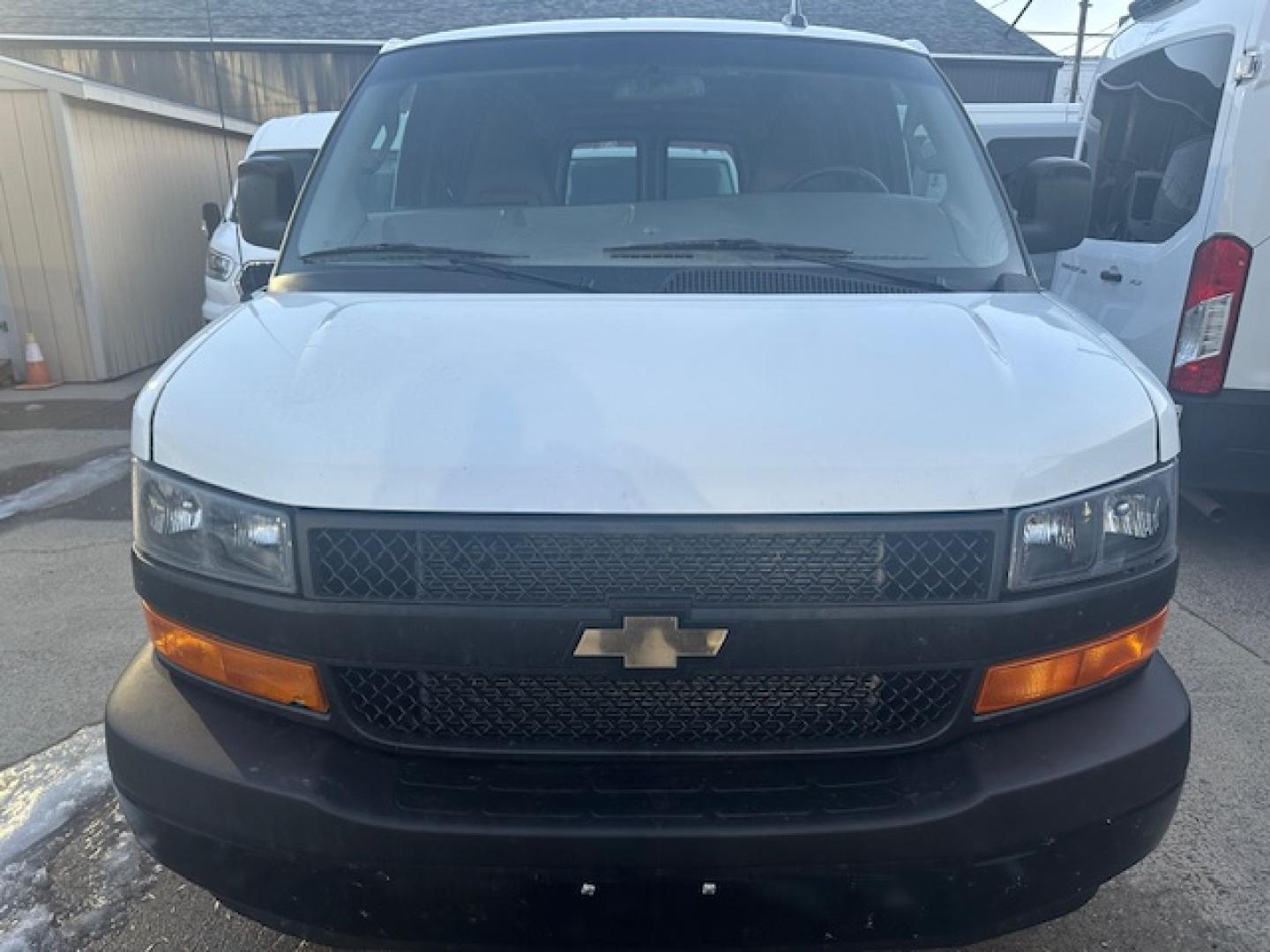 2019 White /Gray Chevrolet Express 2500 Cargo Extended (1GCWGBFP6K1) with an 4.3L V6 engine, 6A transmission, located at 3200 1st Avenue North, Billings, MT, 59101, (406) 245-9055, 45.779270, -108.510742 - Extended Length Chevrolet 2500 Cargo Van. Power Windows, Power Door Locks, Tilt Steering Column, Cruise Control, Air Conditioning and More! CarFax Dealer. Auto Brokers of Montana/AA&A Auto Rental/Fox Car Rental in Billings- Photo#1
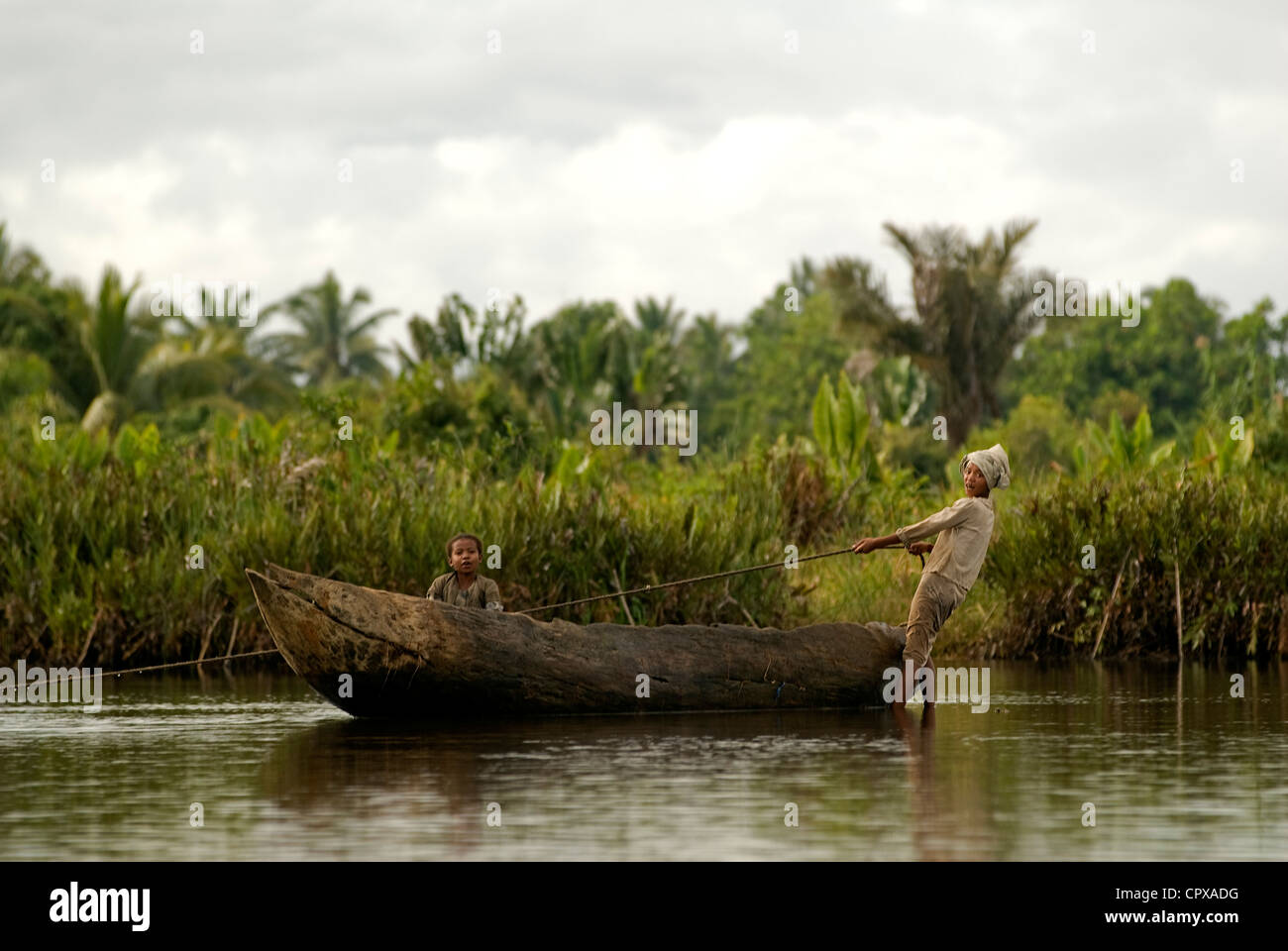 Madagaskar Hochland ehemalige Provinz von Fianarantsoa Vatovavy Fitovinany Region am Canal des Pangalanes südlich von der Stadt von Manakara Stockfoto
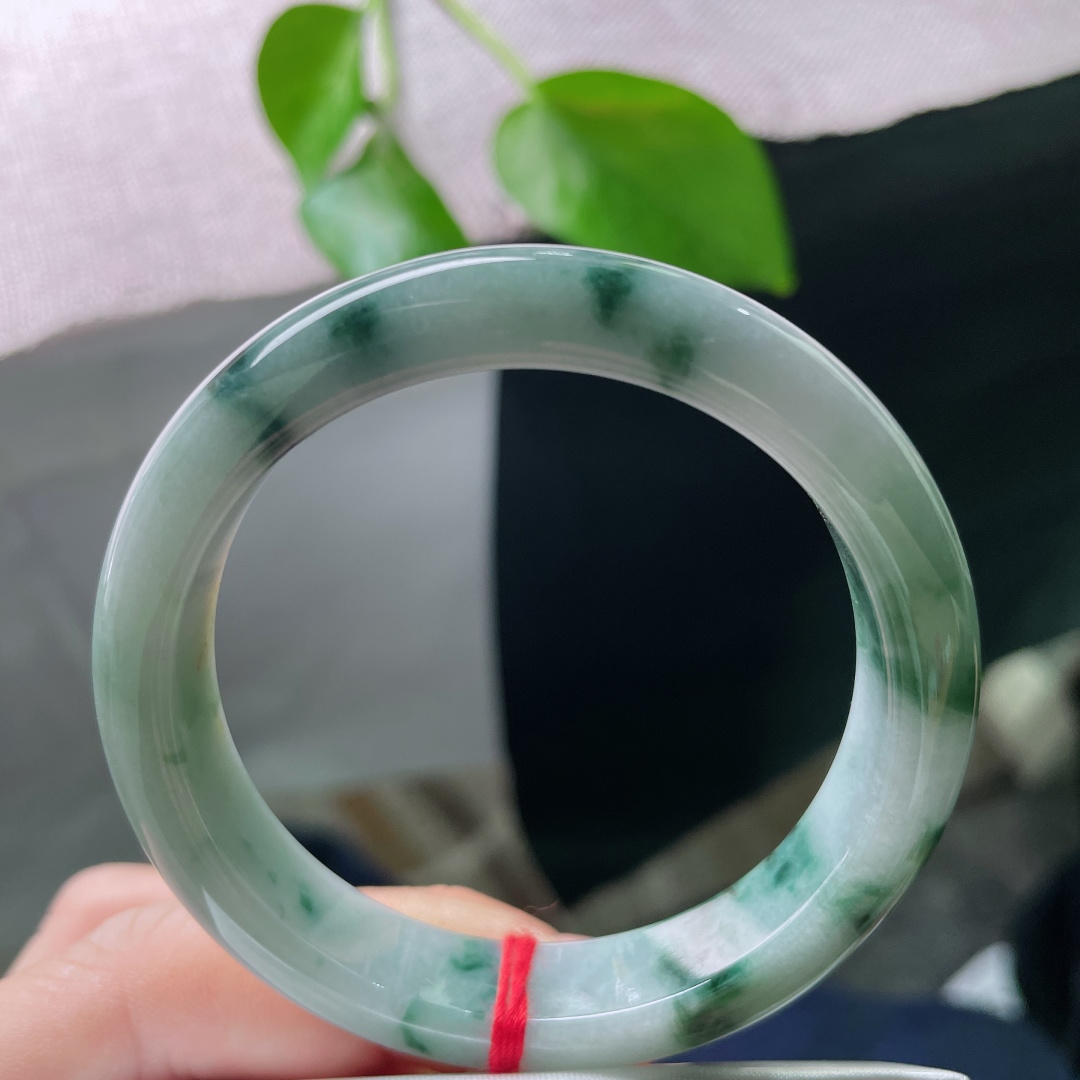 53/11.8/8飘花正圈，洒金，繁花似锦，水头好，细腻，经典大方，无裂，ss51337a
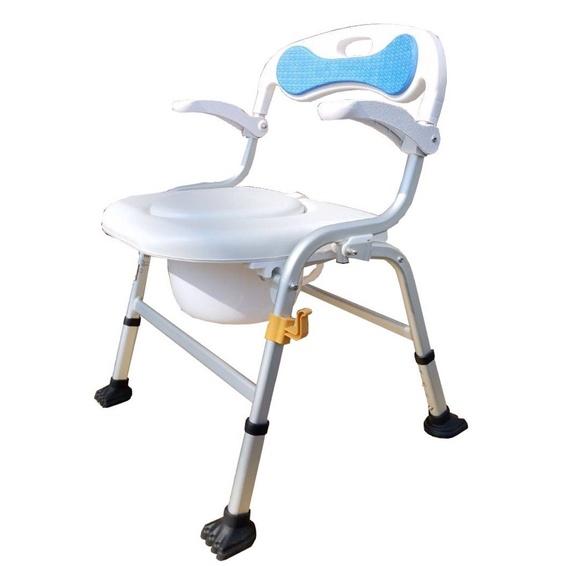 ❰免運❱ 杏華 二合一可收合洗澡便器椅 鋁合金 輕量化 便盆椅 洗澡椅 沐浴椅 銀髮 輔具 補助-細節圖2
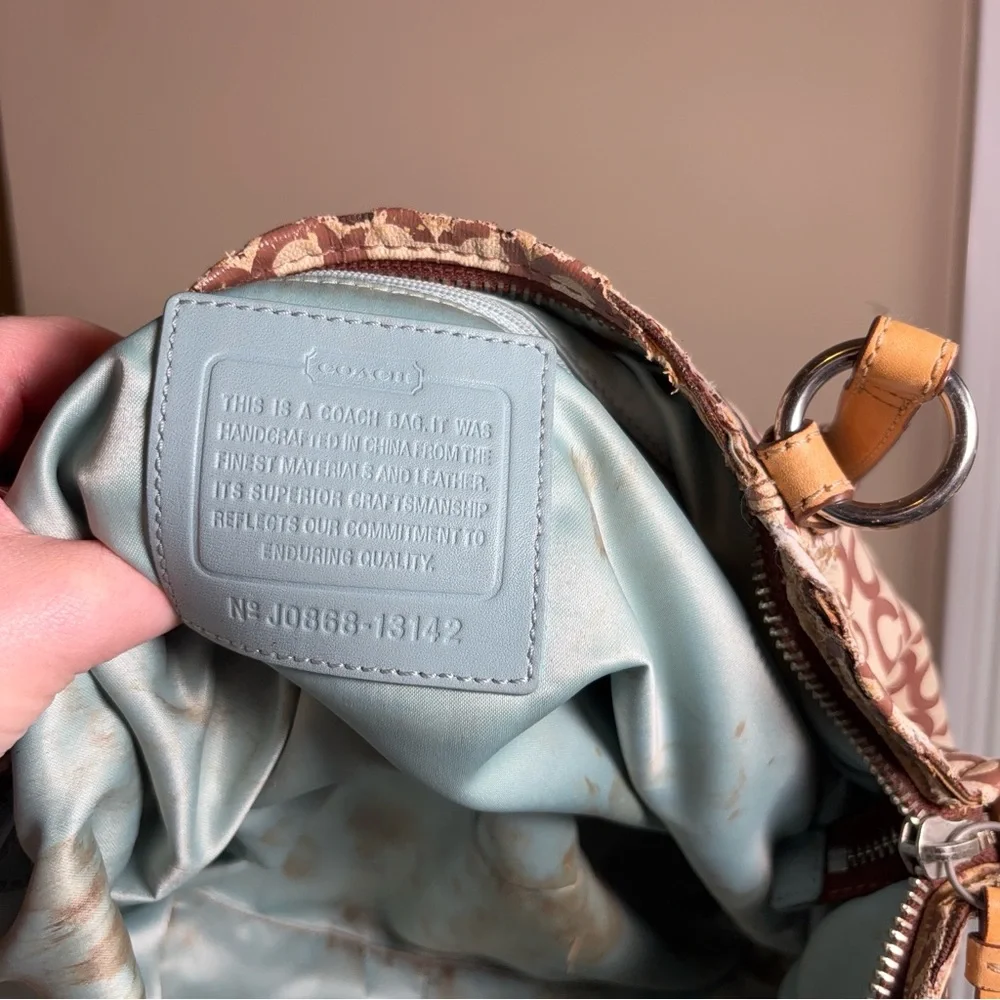 Coach signature canvas satchel - Picture 5 of 8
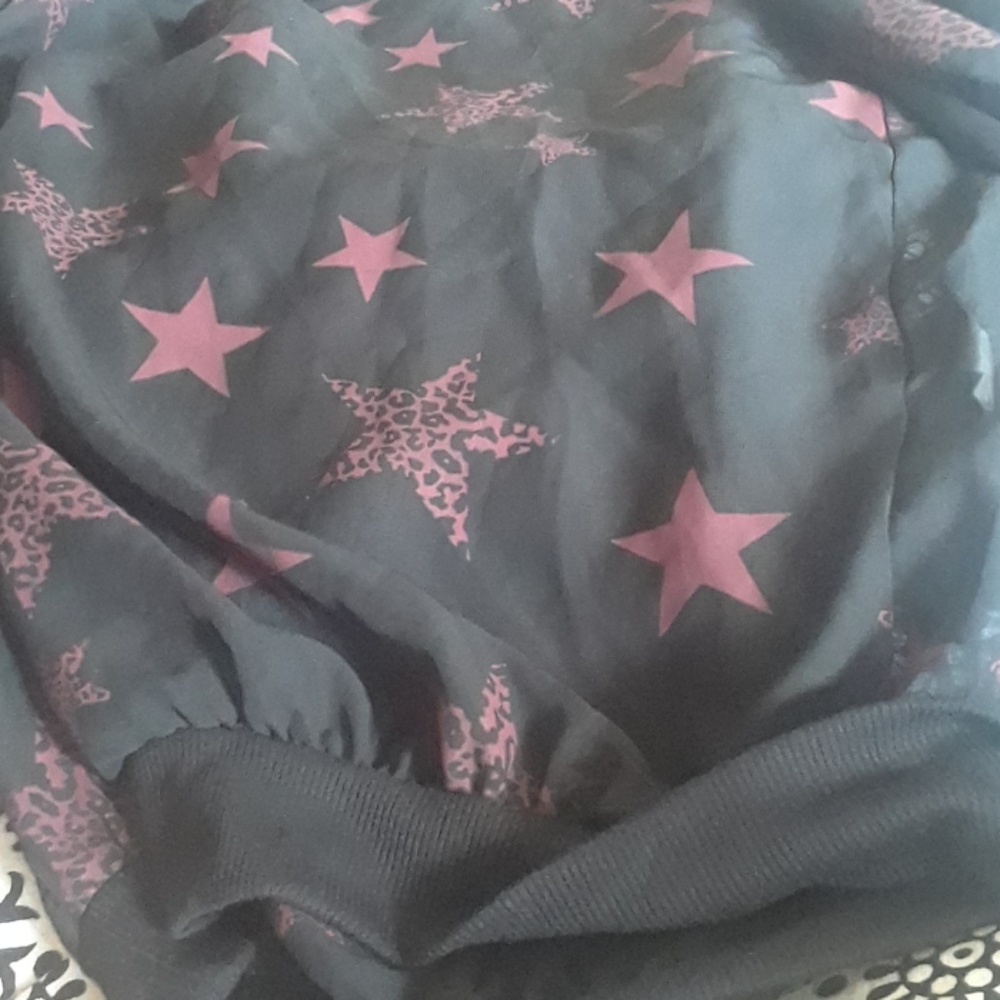 Gothic type- Cool sheer shirt. :)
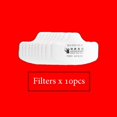 thumbnail image 1 of Dust Mask Reusable Dust Proof Respirator Rubber Work Safety Mask Cotton Filters For Builder Carpenter Daily Haze Protection, 1 of 7
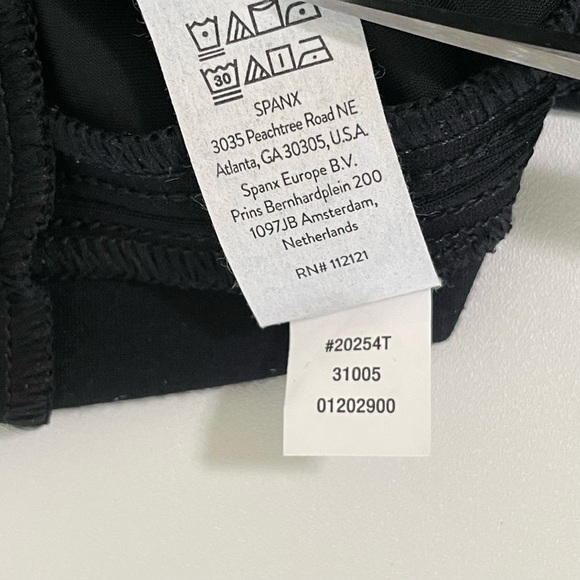 Spanx Ponte Slim Straight Pant Super Smooth Perfect Fit Black Medium Tall - Picture 15 of 16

* * *

Starting at the line that holds "thumbnail image 1", copy each line exactly through the end of the material above, keeping both ends and dropping the pictures.

 thumbnail image 1 of Dust Mask Reusable Dust Proof Respirator Rubber Work Safety Mask Cotton Filters For Builder Carpenter Daily Haze Protection, 1 of 7
 Spanx Ponte Slim Straight Pant Super Smooth Perfect Fit Black Medium Tall - Picture 15 of 16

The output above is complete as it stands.